- _EXERCISE_
Once "Sandra Galda's Oil" turns up in a line below, reproduce that line and those after it exactly, stopping after the line with "imageCOOFANDY Mens Linen"; leave pictures out.

- _SUPPLIED RECORDS_
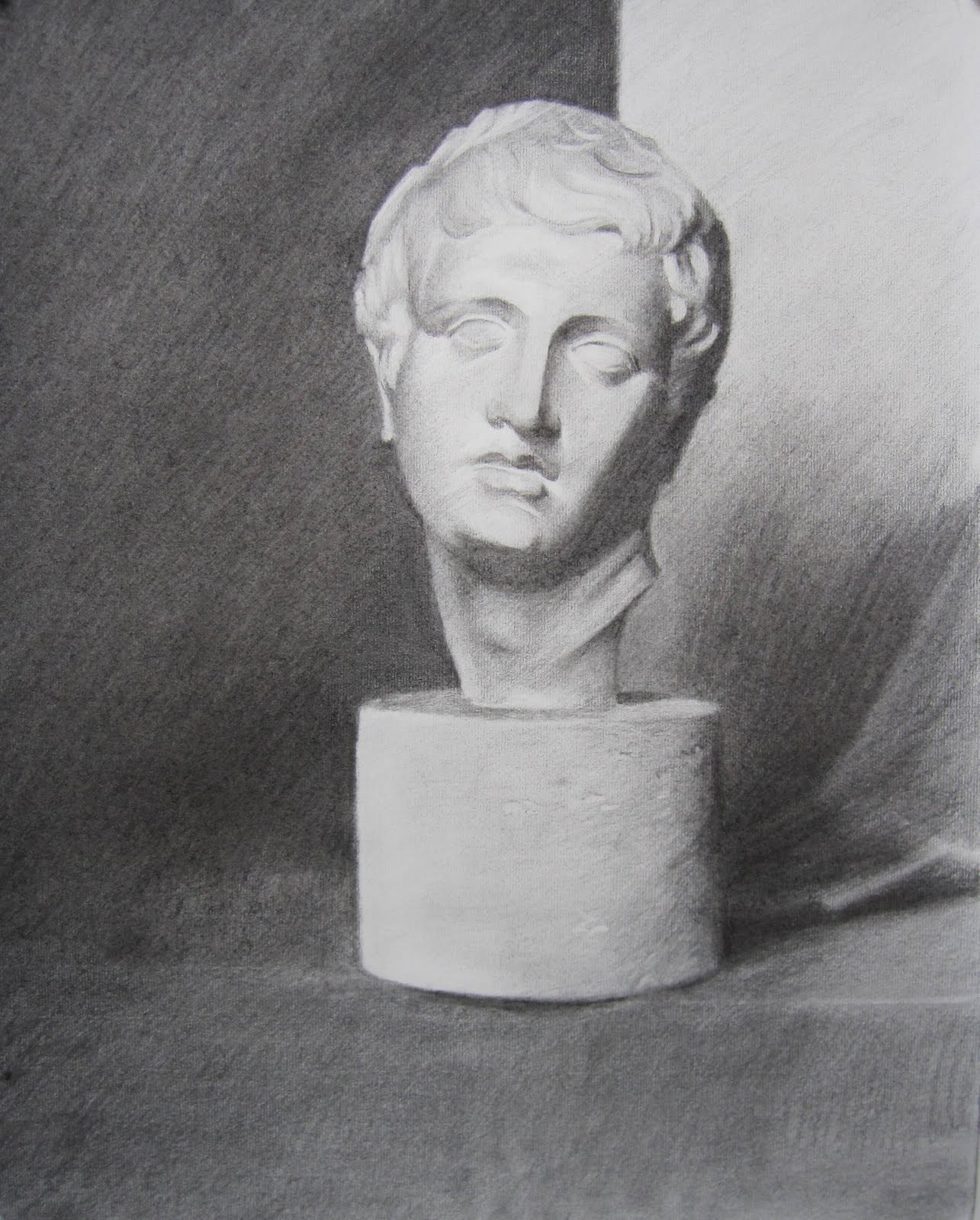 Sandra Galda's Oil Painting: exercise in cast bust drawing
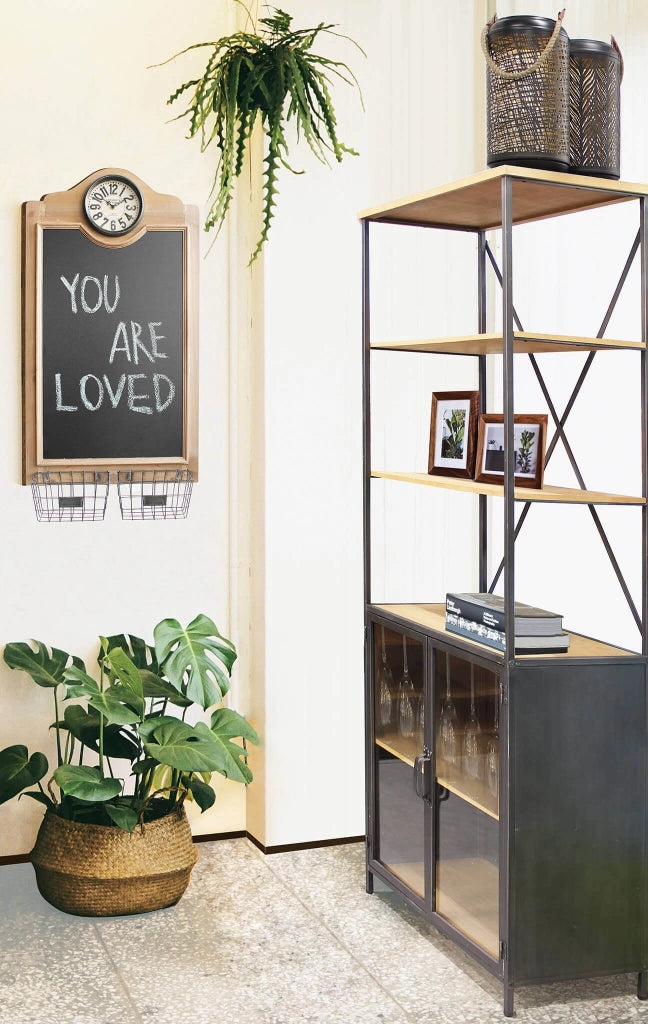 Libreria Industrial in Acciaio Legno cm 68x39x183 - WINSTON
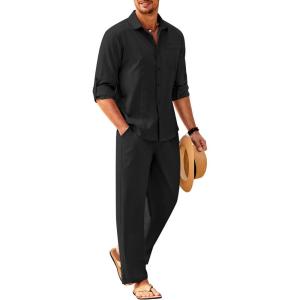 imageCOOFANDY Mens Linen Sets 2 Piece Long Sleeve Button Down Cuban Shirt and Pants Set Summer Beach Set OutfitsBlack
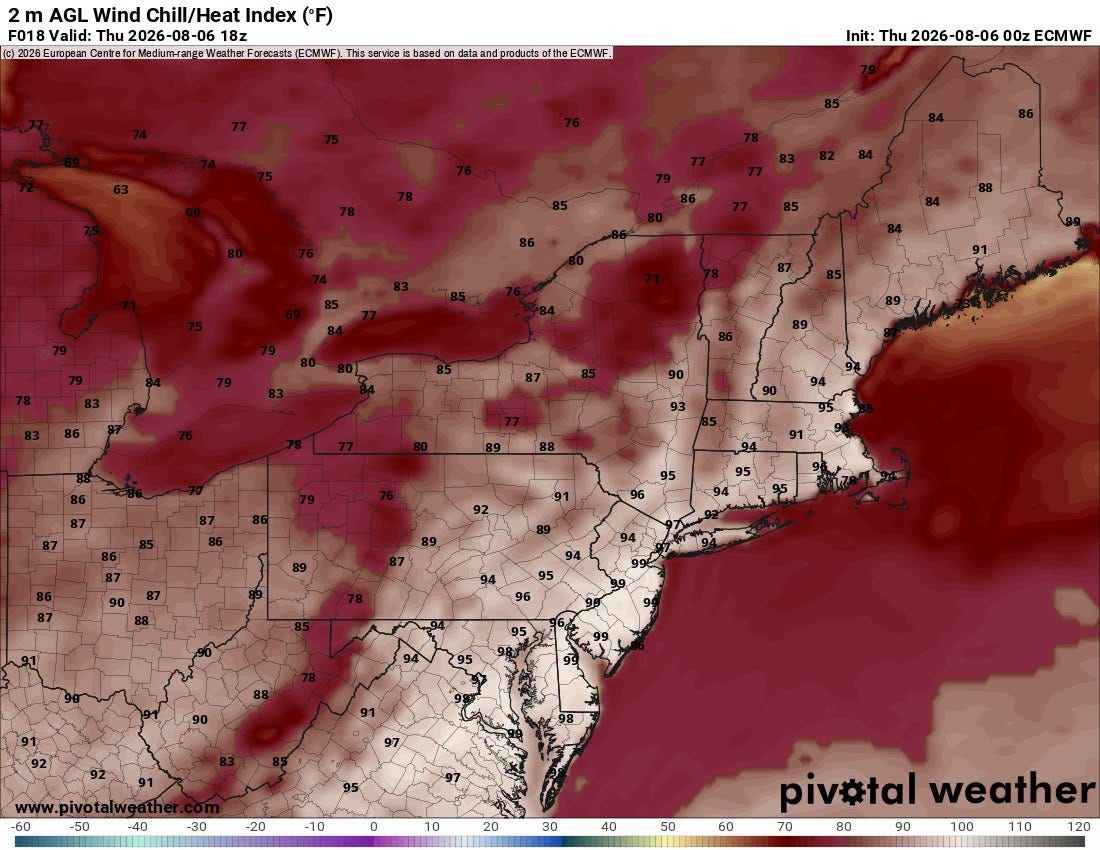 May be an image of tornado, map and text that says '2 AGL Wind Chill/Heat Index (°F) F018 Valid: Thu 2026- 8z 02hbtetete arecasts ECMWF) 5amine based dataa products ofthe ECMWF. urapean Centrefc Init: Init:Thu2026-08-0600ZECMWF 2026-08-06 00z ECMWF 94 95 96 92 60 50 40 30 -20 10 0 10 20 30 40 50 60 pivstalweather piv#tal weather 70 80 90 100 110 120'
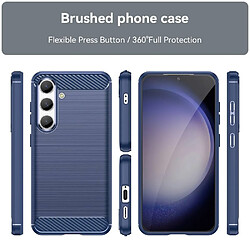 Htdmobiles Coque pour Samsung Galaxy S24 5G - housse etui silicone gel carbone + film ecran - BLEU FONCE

...

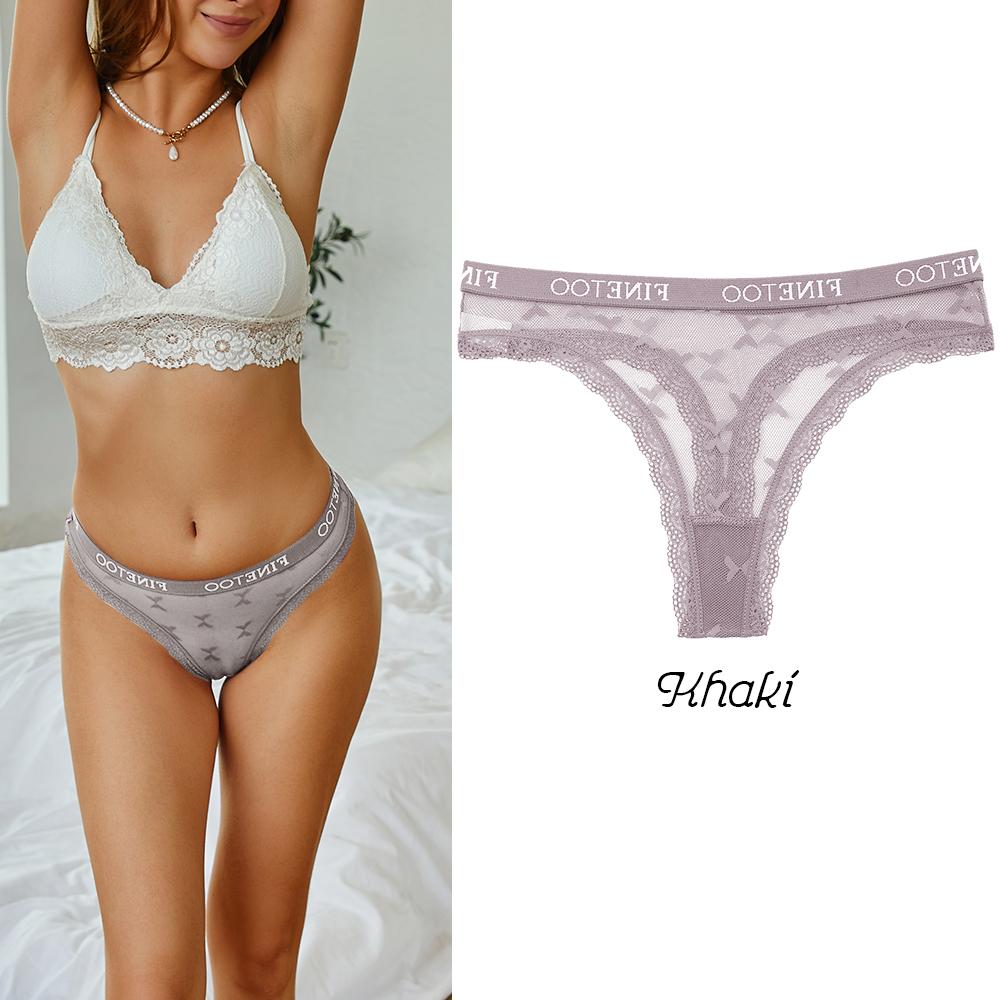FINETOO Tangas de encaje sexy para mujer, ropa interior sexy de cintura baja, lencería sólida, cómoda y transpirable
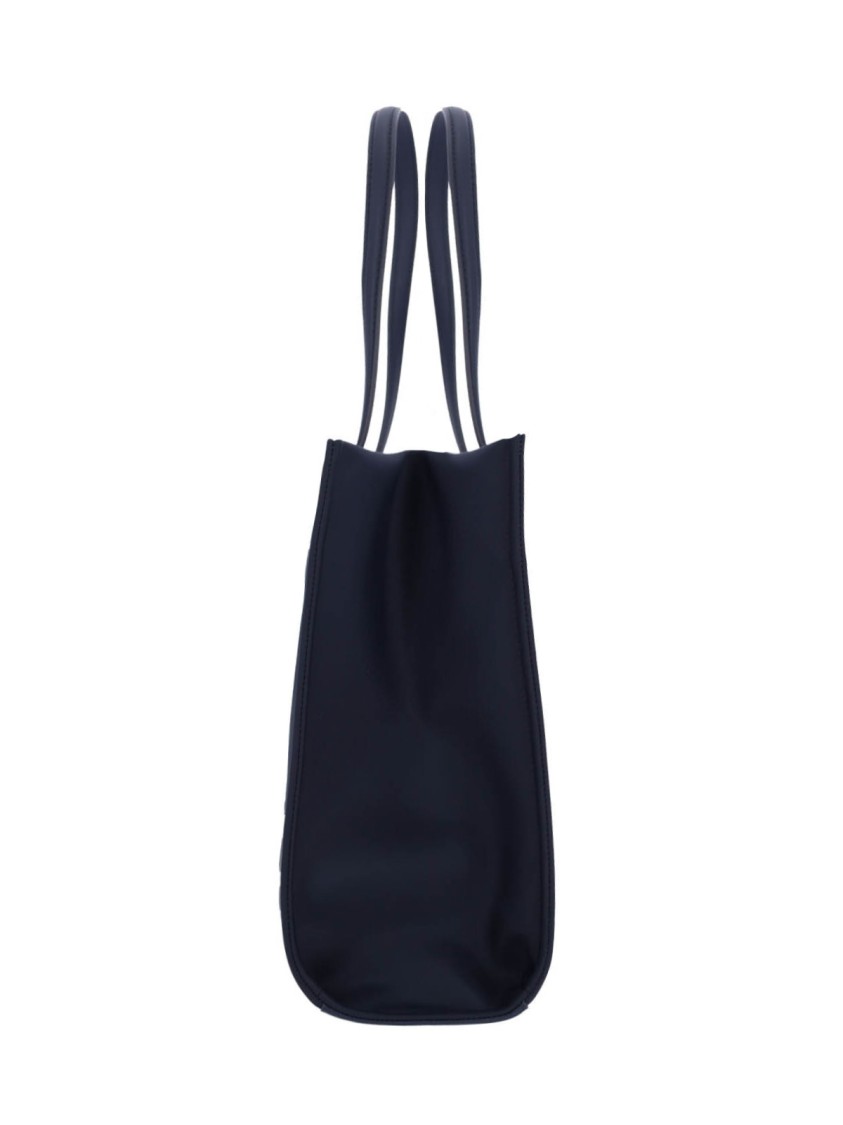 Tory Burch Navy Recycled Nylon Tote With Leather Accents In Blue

- _TASK ANSWER_
 Sandra Galda's Oil Painting: exercise in cast bust drawing
 Libreria Industrial in Acciaio Legno cm 68x39x183 - WINSTON
 imageCOOFANDY Mens Linen Sets 2 Piece Long Sleeve Button Down Cuban Shirt and Pants Set Summer Beach Set OutfitsBlack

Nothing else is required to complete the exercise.